**Task directions**
Each line from the one containing "炒股配资平台排名：助你稳健获利" to the end of the listing below should be repeated exactly, with no other line included.

**Records shown**

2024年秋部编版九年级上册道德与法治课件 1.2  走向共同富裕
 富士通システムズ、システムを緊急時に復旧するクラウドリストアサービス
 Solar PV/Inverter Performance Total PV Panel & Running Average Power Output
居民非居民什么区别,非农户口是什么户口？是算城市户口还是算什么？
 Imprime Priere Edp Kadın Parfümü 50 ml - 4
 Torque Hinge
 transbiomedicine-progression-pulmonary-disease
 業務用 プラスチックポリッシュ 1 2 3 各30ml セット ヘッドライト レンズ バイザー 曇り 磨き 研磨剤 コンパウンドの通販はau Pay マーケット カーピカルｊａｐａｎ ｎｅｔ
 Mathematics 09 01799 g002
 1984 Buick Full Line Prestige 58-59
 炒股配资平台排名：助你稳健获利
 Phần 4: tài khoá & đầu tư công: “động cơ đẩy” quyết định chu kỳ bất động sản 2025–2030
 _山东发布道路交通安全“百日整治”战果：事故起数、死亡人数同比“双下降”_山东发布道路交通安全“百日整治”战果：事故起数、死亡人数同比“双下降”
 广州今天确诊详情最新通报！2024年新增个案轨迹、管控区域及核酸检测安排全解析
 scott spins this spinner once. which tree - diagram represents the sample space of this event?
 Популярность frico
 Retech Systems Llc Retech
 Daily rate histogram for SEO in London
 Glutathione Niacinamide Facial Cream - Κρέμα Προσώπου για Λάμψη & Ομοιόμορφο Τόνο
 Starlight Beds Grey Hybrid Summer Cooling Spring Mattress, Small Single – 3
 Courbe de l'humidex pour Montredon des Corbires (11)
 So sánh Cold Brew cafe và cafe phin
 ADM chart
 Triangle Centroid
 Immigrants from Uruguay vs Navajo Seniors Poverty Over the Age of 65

**Result of the task**
 炒股配资平台排名：助你稳健获利
 Phần 4: tài khoá & đầu tư công: “động cơ đẩy” quyết định chu kỳ bất động sản 2025–2030
 _山东发布道路交通安全“百日整治”战果：事故起数、死亡人数同比“双下降”_山东发布道路交通安全“百日整治”战果：事故起数、死亡人数同比“双下降”
 广州今天确诊详情最新通报！2024年新增个案轨迹、管控区域及核酸检测安排全解析
 scott spins this spinner once. which tree - diagram represents the sample space of this event?
 Популярность frico
 Retech Systems Llc Retech
 Daily rate histogram for SEO in London
 Glutathione Niacinamide Facial Cream - Κρέμα Προσώπου για Λάμψη & Ομοιόμορφο Τόνο
 Starlight Beds Grey Hybrid Summer Cooling Spring Mattress, Small Single – 3
 Courbe de l'humidex pour Montredon des Corbires (11)
 So sánh Cold Brew cafe và cafe phin
 ADM chart
 Triangle Centroid
 Immigrants from Uruguay vs Navajo Seniors Poverty Over the Age of 65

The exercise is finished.